ISO 3166 is a standard published by the International Organization for Standardization (ISO) that defines codes for the names of countries, dependent territories, special areas of geographical interest, and their principal subdivisions (e.g., provinces or states). The standard employs a code of letters and numbers to represent the name of a given geographical area in order to save time and energy when describing the area, as well as to reduce the risk of description errors. The official name of the standard is Codes for the representation of names of countries and their subdivisions.

Parts
It consists of three parts:
 ISO 3166-1, Codes for the representation of names of countries and their subdivisions – Part 1: Country codes, defines codes for the names of countries, dependent territories, and special areas of geographical interest. It defines three sets of country codes:
 ISO 3166-1 alpha-2 – two-letter country codes which are the most widely used of the three, and used most prominently for the Internet's country code top-level domains (with a few exceptions).
 ISO 3166-1 alpha-3 – three-letter country codes which allow a better visual association between the codes and the country names than the alpha-2 codes.
 ISO 3166-1 numeric – three-digit country codes which are identical to those developed and maintained by the United Nations Statistics Division, with the advantage of script (writing system) independence, and hence useful for people or systems using non-Latin scripts.
 ISO 3166-2, Codes for the representation of names of countries and their subdivisions – Part 2: Country subdivision code, defines codes for the names of the principal subdivisions (e.g., provinces, states, departments, regions) of all countries coded in ISO 3166-1.
 ISO 3166-3, Codes for the representation of names of countries and their subdivisions – Part 3: Code for formerly used names of countries, defines codes for country names which have been deleted from ISO 3166-1 since its first publication in 1974.

Editions
The first edition of ISO 3166, which included only alphabetic country codes, was published in 1974. The second edition, published in 1981, also included numeric country codes, with the third and fourth editions published in 1988 and 1993 respectively.
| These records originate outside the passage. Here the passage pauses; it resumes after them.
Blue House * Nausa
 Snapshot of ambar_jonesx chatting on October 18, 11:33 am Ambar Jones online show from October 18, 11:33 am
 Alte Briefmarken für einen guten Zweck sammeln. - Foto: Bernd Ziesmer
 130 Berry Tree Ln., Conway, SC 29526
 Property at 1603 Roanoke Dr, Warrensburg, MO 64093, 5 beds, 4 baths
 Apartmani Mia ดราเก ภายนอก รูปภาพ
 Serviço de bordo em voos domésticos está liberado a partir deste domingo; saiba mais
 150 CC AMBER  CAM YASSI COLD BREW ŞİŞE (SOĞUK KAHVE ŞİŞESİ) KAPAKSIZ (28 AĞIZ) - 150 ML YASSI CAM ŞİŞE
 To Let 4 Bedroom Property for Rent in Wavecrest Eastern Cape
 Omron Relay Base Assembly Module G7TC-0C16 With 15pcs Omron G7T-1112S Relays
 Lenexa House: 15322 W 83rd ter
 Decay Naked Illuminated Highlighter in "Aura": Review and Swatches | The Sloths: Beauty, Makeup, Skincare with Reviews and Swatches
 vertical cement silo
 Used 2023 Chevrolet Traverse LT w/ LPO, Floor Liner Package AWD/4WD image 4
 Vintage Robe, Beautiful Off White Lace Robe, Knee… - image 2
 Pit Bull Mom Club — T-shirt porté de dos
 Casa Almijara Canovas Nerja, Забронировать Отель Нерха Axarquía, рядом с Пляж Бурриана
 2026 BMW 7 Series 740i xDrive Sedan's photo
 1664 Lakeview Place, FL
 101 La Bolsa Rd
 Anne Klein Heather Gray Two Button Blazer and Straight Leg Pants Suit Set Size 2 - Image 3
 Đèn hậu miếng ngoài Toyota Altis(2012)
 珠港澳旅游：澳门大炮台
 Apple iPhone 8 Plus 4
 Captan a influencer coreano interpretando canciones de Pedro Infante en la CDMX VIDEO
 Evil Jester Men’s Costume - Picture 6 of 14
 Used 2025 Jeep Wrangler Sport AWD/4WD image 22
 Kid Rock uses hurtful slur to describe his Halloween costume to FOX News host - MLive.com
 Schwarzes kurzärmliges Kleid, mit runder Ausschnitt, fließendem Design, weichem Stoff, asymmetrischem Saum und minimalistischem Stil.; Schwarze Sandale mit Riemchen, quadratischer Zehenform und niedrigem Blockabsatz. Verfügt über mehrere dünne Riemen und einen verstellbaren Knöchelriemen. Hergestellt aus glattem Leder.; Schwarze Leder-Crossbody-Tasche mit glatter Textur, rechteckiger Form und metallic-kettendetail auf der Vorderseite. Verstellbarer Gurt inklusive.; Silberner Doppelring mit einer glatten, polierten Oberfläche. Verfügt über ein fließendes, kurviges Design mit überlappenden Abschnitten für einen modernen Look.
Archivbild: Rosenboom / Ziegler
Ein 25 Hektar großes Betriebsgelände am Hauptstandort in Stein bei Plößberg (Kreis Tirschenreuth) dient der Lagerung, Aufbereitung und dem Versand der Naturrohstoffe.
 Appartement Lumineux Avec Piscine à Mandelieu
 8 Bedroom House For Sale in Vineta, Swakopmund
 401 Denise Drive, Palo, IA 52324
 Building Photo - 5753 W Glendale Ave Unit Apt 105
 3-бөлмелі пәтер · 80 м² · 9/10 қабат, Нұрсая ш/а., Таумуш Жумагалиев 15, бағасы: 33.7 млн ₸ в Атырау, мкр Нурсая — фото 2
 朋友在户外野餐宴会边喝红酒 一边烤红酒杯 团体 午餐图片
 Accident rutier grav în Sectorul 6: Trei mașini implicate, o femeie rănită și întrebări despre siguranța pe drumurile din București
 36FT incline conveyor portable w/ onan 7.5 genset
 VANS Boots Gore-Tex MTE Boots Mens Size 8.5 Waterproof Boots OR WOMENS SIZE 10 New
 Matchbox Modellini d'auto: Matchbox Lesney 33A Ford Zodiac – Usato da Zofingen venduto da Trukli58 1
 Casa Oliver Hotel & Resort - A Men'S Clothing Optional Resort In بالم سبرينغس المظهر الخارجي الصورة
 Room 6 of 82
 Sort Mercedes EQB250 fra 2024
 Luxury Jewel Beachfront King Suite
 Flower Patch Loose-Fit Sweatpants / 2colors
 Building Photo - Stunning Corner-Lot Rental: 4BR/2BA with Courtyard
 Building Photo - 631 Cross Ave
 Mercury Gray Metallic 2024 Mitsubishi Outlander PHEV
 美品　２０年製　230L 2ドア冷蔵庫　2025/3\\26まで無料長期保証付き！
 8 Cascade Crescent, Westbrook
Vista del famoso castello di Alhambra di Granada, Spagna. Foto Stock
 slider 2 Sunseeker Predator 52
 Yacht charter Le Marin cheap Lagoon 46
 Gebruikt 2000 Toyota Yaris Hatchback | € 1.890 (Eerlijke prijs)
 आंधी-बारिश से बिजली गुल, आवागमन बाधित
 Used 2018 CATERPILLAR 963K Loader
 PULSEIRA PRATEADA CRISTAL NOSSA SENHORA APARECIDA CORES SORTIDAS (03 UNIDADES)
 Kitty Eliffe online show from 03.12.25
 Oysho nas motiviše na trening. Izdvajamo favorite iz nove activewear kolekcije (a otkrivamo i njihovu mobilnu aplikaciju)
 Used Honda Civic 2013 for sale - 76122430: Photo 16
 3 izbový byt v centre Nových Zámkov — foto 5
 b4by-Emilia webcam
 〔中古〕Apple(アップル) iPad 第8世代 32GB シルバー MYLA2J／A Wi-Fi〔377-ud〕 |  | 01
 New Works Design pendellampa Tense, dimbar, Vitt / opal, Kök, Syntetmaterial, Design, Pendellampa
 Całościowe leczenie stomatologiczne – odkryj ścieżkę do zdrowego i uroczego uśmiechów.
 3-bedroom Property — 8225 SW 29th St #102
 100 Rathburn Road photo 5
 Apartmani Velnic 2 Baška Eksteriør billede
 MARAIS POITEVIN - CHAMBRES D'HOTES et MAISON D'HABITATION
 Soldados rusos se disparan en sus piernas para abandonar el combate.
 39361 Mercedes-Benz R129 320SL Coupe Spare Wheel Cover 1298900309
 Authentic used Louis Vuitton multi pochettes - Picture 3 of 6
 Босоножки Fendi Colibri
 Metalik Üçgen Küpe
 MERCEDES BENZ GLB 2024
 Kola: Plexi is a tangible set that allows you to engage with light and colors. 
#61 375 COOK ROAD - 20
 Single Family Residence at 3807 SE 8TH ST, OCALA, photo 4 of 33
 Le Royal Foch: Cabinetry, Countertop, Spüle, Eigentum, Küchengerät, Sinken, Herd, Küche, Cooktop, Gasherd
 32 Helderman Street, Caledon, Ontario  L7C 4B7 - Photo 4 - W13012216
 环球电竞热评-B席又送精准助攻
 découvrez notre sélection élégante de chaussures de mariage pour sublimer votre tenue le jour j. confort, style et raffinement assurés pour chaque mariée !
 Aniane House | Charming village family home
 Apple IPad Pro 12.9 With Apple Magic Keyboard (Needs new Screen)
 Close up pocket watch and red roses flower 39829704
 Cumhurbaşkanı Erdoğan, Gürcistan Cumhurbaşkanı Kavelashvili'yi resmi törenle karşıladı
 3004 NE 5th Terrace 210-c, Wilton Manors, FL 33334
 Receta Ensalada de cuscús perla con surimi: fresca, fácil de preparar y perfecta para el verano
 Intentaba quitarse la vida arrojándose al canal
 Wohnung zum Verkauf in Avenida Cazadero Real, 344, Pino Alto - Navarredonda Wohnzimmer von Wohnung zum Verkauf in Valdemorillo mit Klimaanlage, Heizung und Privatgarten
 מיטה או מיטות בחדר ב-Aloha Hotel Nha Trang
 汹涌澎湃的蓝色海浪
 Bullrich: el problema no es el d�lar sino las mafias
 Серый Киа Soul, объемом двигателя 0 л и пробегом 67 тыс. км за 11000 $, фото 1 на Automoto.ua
The fifth edition, published between 1997 and 1999, was expanded into three parts to include codes for subdivisions and former countries.

ISO 3166 Maintenance Agency
The ISO 3166 standard is maintained by the ISO 3166 Maintenance Agency (ISO 3166/MA), located at the ISO central office in Geneva. Originally it was located at the Deutsches Institut für Normung (DIN) in Berlin. Its principal tasks are:
 To add and to eliminate country names and to assign code elements to them;
 To publish lists of country names and code elements;
 To maintain a reference list of all country code elements and subdivision code elements used and their period of use;
 To issue newsletters announcing changes to the code tables;
 To advise users on the application of ISO 3166.

Members
There are fifteen experts with voting rights on the ISO 3166/MA. Nine are representatives of national standards organizations:

 Association française de normalisation (AFNOR) – France
 American National Standards Institute (ANSI) – United States
 British Standards Institution (BSI) – United Kingdom
 Deutsches Institut für Normung (DIN) – Germany
 Japanese Industrial Standards Committee (JISC) - Japan
Standards Australia (SA) - Australia
Kenya Bureau of Standards (KEBS) - Kenya
 Standardization Administration of China (SAC) - China
 Swedish Standards Institute (SIS) – Sweden

The other six are representatives of major United Nations agencies or other international organizations who are all users of ISO 3166-1:

 International Atomic Energy Agency (IAEA)
 International Civil Aviation Organization (ICAO)
 International Telecommunication Union (ITU)
 Internet Corporation for Assigned Names and Numbers (ICANN)
 Universal Postal Union (UPU)
 United Nations Economic Commission for Europe (UNECE)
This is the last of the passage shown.